Despite the fact that neither drinking nor networking (“You need to be more sure of yourself!” Alex Duner wailed to me after an awkward introduction to his former colleagues) is really my thing, I found myself at the bar of the Marriott Marquis, in a circle of journalists from across the nation. NICAR15 is not the time for a student journalist like me to hide in the comfort of her hotel room.
“This is my first NICAR,” I told The New York Times’s Jacob Harris, who stood next to me. “I’m doing some soul searching.”
“Yeah?” he replied, and then paused. “I think we’re all doing some soul searching here.”
I came to NICAR with a primary mission: to figure out what I wanted to do with my professional life. Recently, I’ve been growing less certain that coding was what I wanted to do - which seems silly, considering the current state of journalism and the resources I have at the Knight Lab. But I have to come out - I enjoy coding, but I haven’t felt the need to pull an all-nighter for a project since the summer.
I used to think that if I could be a hybrid journalist, one who can traditionally report as well as code, I’d be golden. Now, I feel like a jack of all trades, master of none. I’m a junior at Northwestern University; I’m worried that I need to pick one path, and pick it soon.

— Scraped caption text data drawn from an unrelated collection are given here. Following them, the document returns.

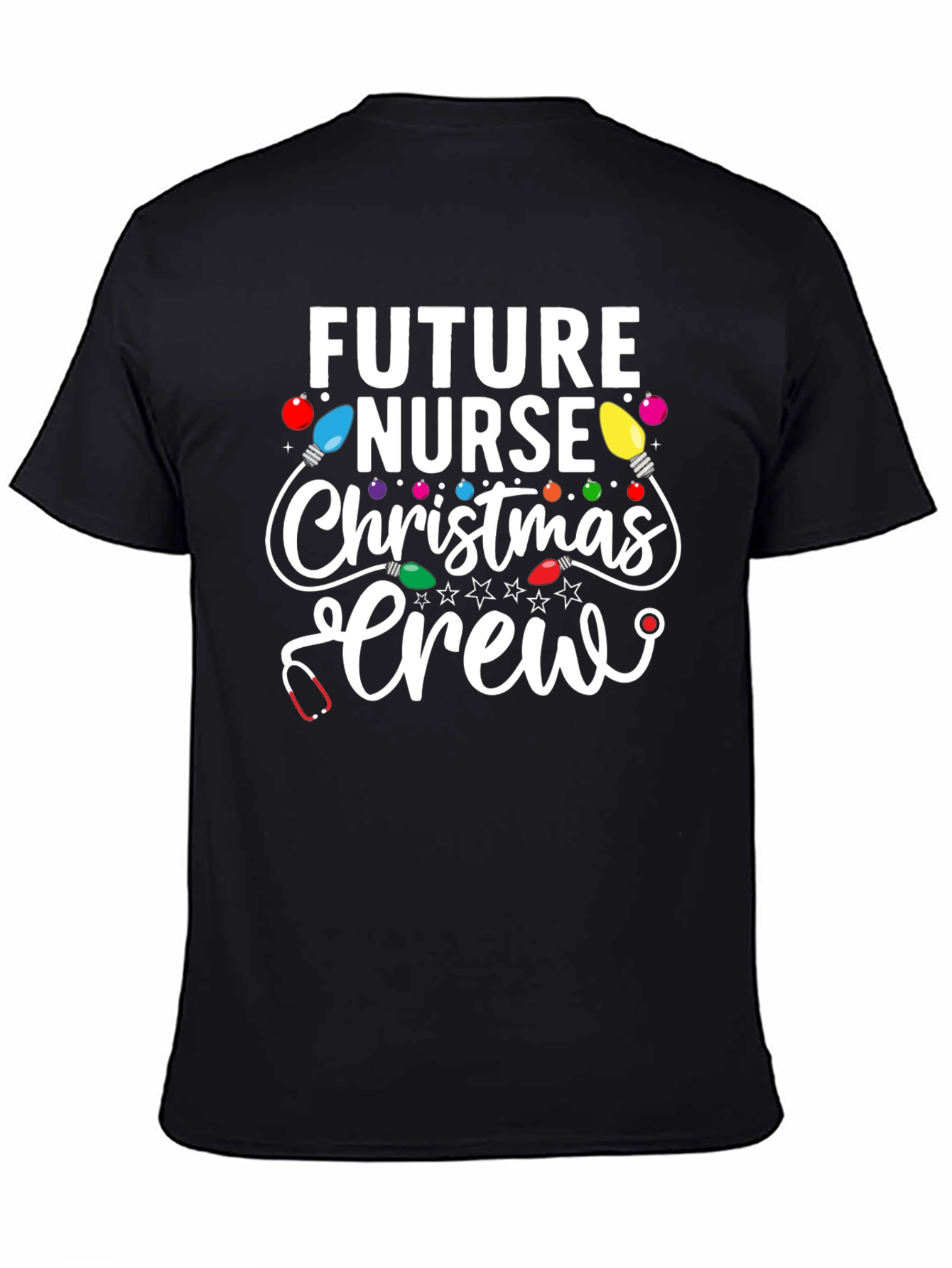 Future Nurse Christmas Crew Graphic Tee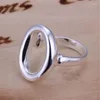 Cluster Ringe 925 Sterling Silber Kreis O Offene Einstellbare Größe Für Frauen Hochzeit Verlobung Party Schmuck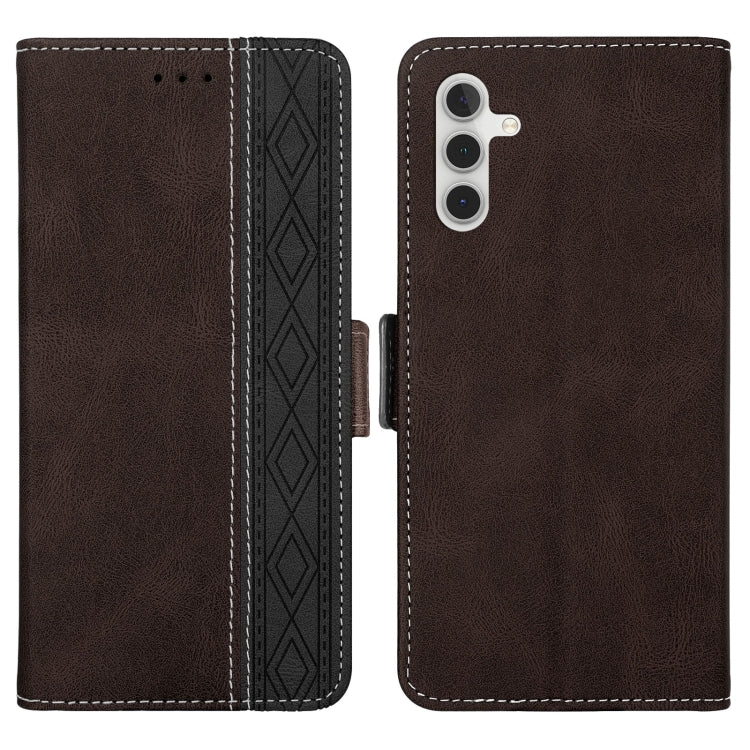 For Samsung Galaxy A13 5G Stitching Side-Magnetic RFID Leather Phone Case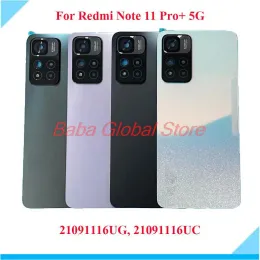 Frames Original For Xiaomi Redmi Note 11 Pro + PLUS 5G Battery Cover Rear Glass 21091116UG, 21091116UC Back Camera Lens With Frame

This crossroad is not unique to me, nor is it unique to the soul. Let’s face it - we’re all hybrids, but we’re not comfortable with it. The hybrid concept - for individual journalists and the newsroom - appeared to be a theme at the conference this year, with both lightning talks, conversations and sessions on the subject. Journalism students struggle to be a one-man band, while disgruntled traditional reporters and developers just can’t seem to get along. Furthermore, there’s pressure to conform to one side; coding rhetoric like “we’re so smart,” makes me feel silly for leaving, while traditional reporters will accuse of me of selling out. My parents, of course, bemoan the fact that I haven’t become a doctor.

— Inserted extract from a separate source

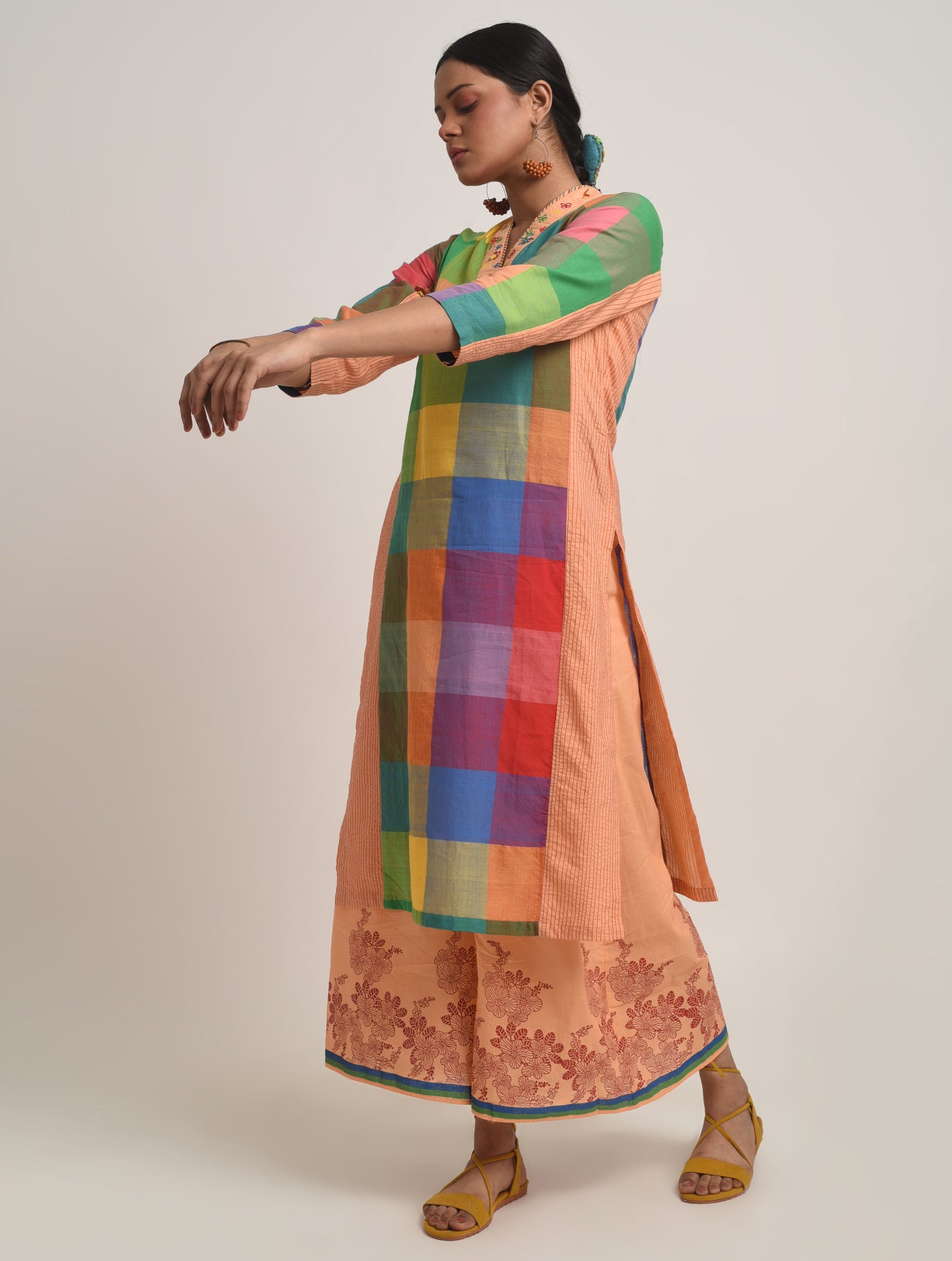 Rangili V Neck Kurta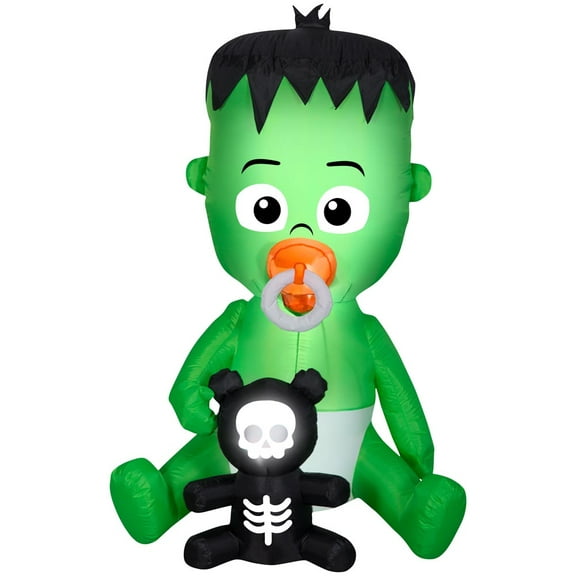 5 1/2' Gemmy Airblown Inflatable ANIMATED Baby Frankenstein Monster w/ Pacifier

On Saturday, I sat in at a NICAR conversation called, “The ‘hybrid reporter’ identity crisis?” which felt like what I imagine a support group to be. Believe it or not, incredibly talented developers like Aaron Williams of CIR and Jaeah Lee of Mother Jones, both of whom led the discussion, are feeling the drive to traditionally report. Of course, the reality is that it’s not easy to redefine oneself. I was the only non-professional in the group, and I was once more amazed at how words can impact how we think. For example, job titles can empower a person with respect and authority, or restrict how much he or she can do. Williams said he once agonized over changing his email signature. When he finally settled on a new title, a simple "Reporter," he said he felt liberated - and began doling out business cards so that he could print new ones with his new identity.

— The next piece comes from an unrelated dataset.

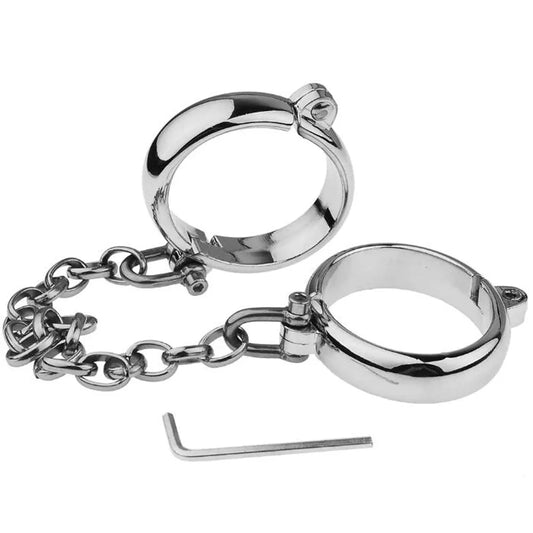 Oval Type Metal Bondage Lock Handcuffs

Words aside, it’s hard to find that ideal balance between development and traditional reporting on the tactile level. Lee and I have both tried splitting our days into two - mornings devoted to coding, afternoons devoted to reporting. As Lee said during the conversation, both sides suffer because one can’t devote as much thought to one project when you’re working on the other. When I tried this tactic over the summer, I found it different to keep those spheres separate of each other. I often had to schedule interviews during my morning coding hours; when the morning came to an end and I was really getting into the code, it took serious discipline to focus on my reporting duties come the afternoon.
Being a "reporter-plus," as Lee coined, is not easy. But Agnes Chang, a product and technology lead at The New York Times who sat next to me during the conversation, generously took the time to assure me that being a hybrid wasn’t holding me back but giving me an edge over other reporters.
A cynic myself, I take such positive predictions with a sea of salt. One woman at the conversation argued that hybrid reporters were simply not as efficient as those who specialize in audio, print, development, and so on. Henry Ford’s then-revolutionary assembly line model took off for a reason, after all.
But perhaps Chang is right — whether or not reporters-plus have an edge over reporters, I think they might be able to give newsrooms an edge over those that lack them. Without hybrids, problems certainly exist, as any NICAR attendee could see from the variety of talks and sessions on . It’s clear that the hybrid newsroom is a contentious place, and the general takeaway was that improving communication quality between the various teams would alleviate the situation. However, I’m starting to think that it is in these newsrooms that reporters-plus can be most valued. At the session "Humanizing Numbers," Washington Post graphics editor (and Medill alumnus) Katie Park, as well as other panelists, presented touching examples of merging humanity and data. It was inspirational to many, but for me it was energizing.
Such heart-wrenching data visualizations can be the product of two separate teams, but it can also be the result of a hybrid brain or two. Code-literate traditional reporters and storytelling coders can work with one another better than anyone else, because they can empathize with one another, make up for each other’s weaknesses, and hold each other to the same level of success. Such professional chemistry is like true love.